Actually, when we stop being totally US-centric, or even if we stay that way, it's Big 6 automakers, soon to be Big Mystery Number. But I digress.
The Now sites are asking how the "downturn" in the economy, aka big honking recession or worse, is affecting us. You can read (and weigh in) here.
The answers range from "I've lost my job and it's a disaster" to "the lower prices are great" to the one that makes those of us who are struggling cringe, "I live within my means; it's you greedy types who are having trouble." Needless to say, those are not exact quotes. But they get to the essence.
As someone who has always lived within her means, and modestly; avoided debt; worked hard; and played by the rules, I'd like to suggest -- without being scary -- that one or two shifts in the systems in which we operate that are entirely outside of your control can throw the whole structure of your life askew.
I'm really, really angry. I didn't create this situation or very much play into it. I want the people in positions of power who made the decisions that have led us here identified and punished. Publically. Dramatically. They've claimed huge rewards to pay for their decisions, and they should pay for the bad gambles and deceit, not me. I'm amazed that people aren't rioting in the streets about who's really paying the price.
But maybe not enough of us are out of work and out of prospects. Yet.
Still, today my notions are shifting about bailing out the last-week-arrogant, this-week-a bit-more-humble, lords of Ford, GM, and Chrysler. Applying the bandaid-bailout seems like a bad idea, except for the bottom line: jobs. When American people have jobs, we do okay. So save the companies to save more of the jobs and save our families and communities.
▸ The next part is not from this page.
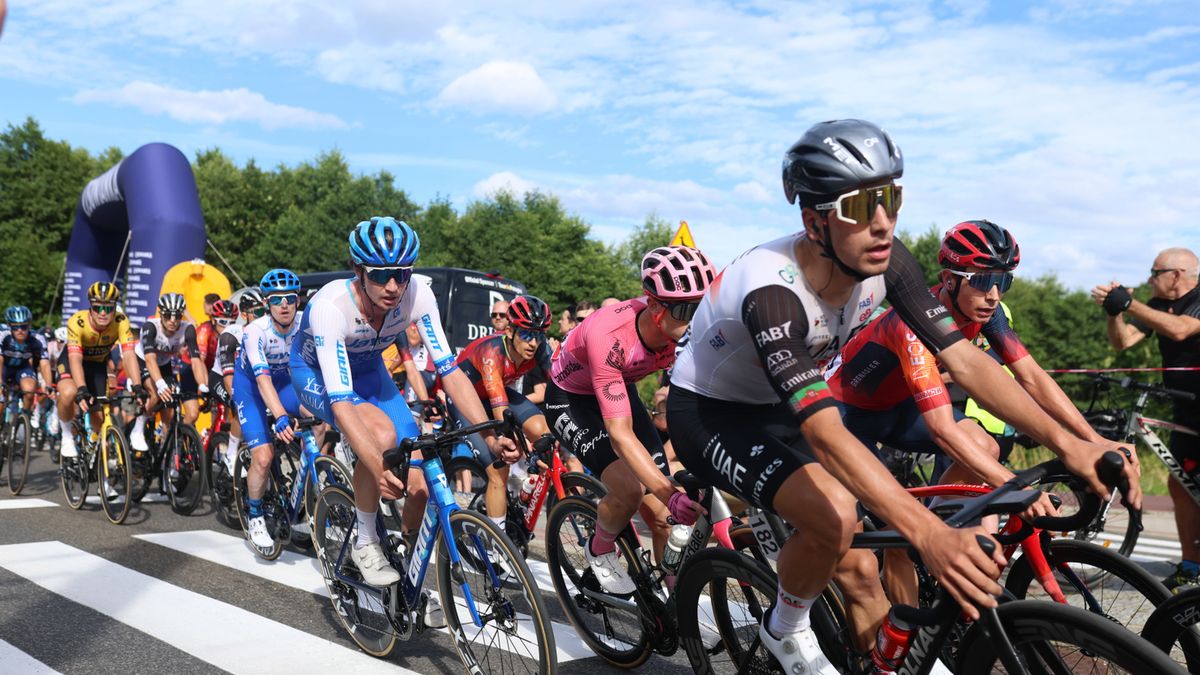 Zdjęcie okładkowe artykułu: PAP / Zbigniew Meissner  / Na zdjęciu: kolarze podczas Tour de Pologne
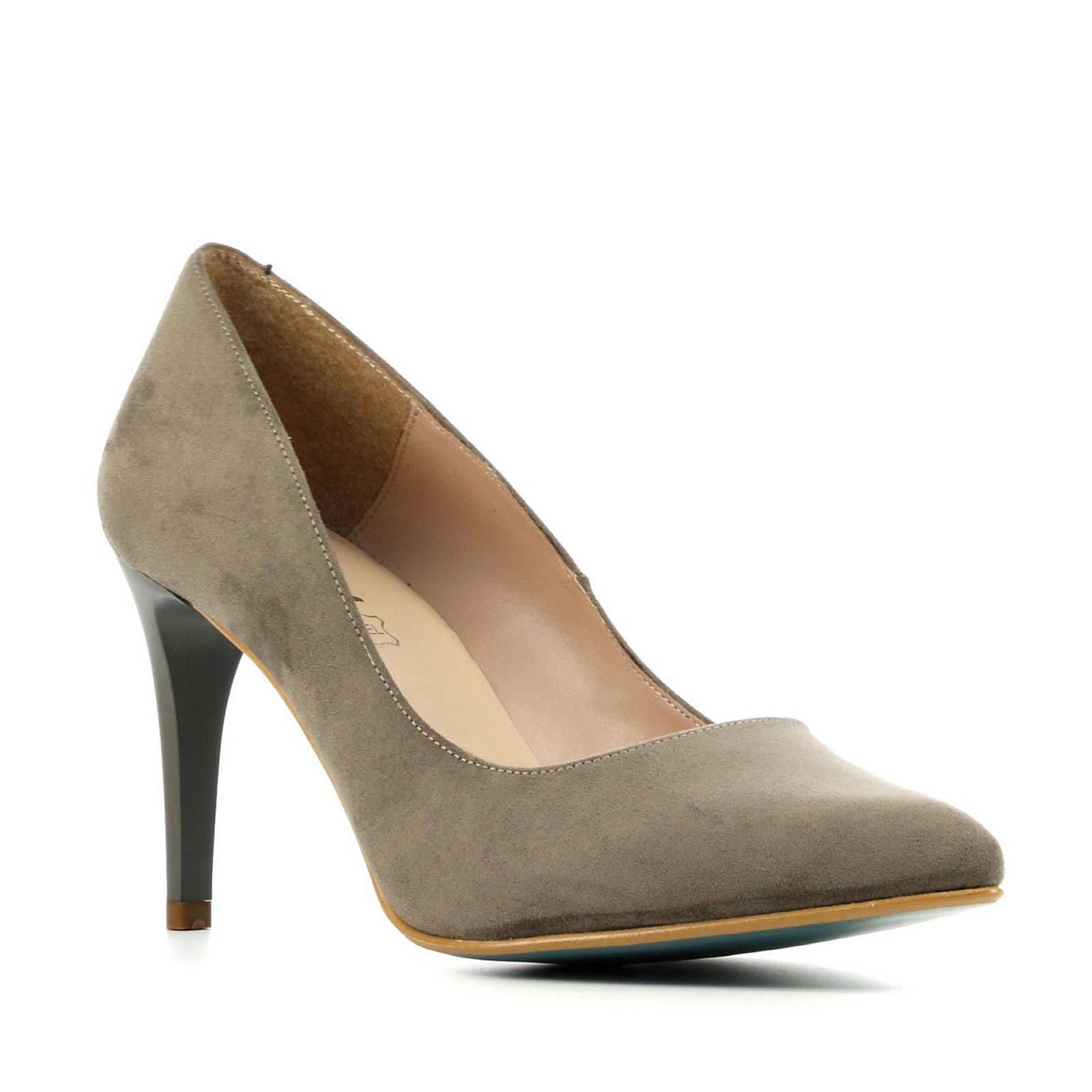 taupe pumps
I know about all the problems with huge pension and healthcare burdens, poor decisions about the business, on and on. But sales -- and income -- for the companies are down an average of 35%. I'm living on unemployment right now, which means my income is down more than 60%. I know what that means for my household, an enterprise that was running very lean to start. That's not subjective: I visited a budget counselor who shook her head and said "The only thing you can cut is food."
Bottom line, you can't function without sufficient income to cover your fixed expenses.
Anyway, despite even greater income loss than the big boys, I have relatively greater cash reserves. Part of that's because I never spent money unless forced to. And part of that's because of a fluke. I dragged my heels on investing a small chunk of money (but big to me), and when the bottom fell out of the market I was holding cash, not stock. That's why I'm still surviving after five months of job hunting. Go figure.
So bail them out, if only to slow down the evaporation of jobs. Not just for the million auto workers and their families, but for the other people whose jobs their income supports -- pretty much all of us. Require (and enforce) major changes, but toss the money now. And hurry to create a single payer health insurance system to help control the obscene costs on that end: that's another key.
Family supporting jobs provided the financial fuel that built the auto industry, and they are still the key to keeping our economy vital.
If I find one of those jobs, I'll even buy a car (used, but that's something) to help the rest of you out. The one I have (and own) is running on STP and prayer. Come to think of it, so am I. Minus the STP, that is.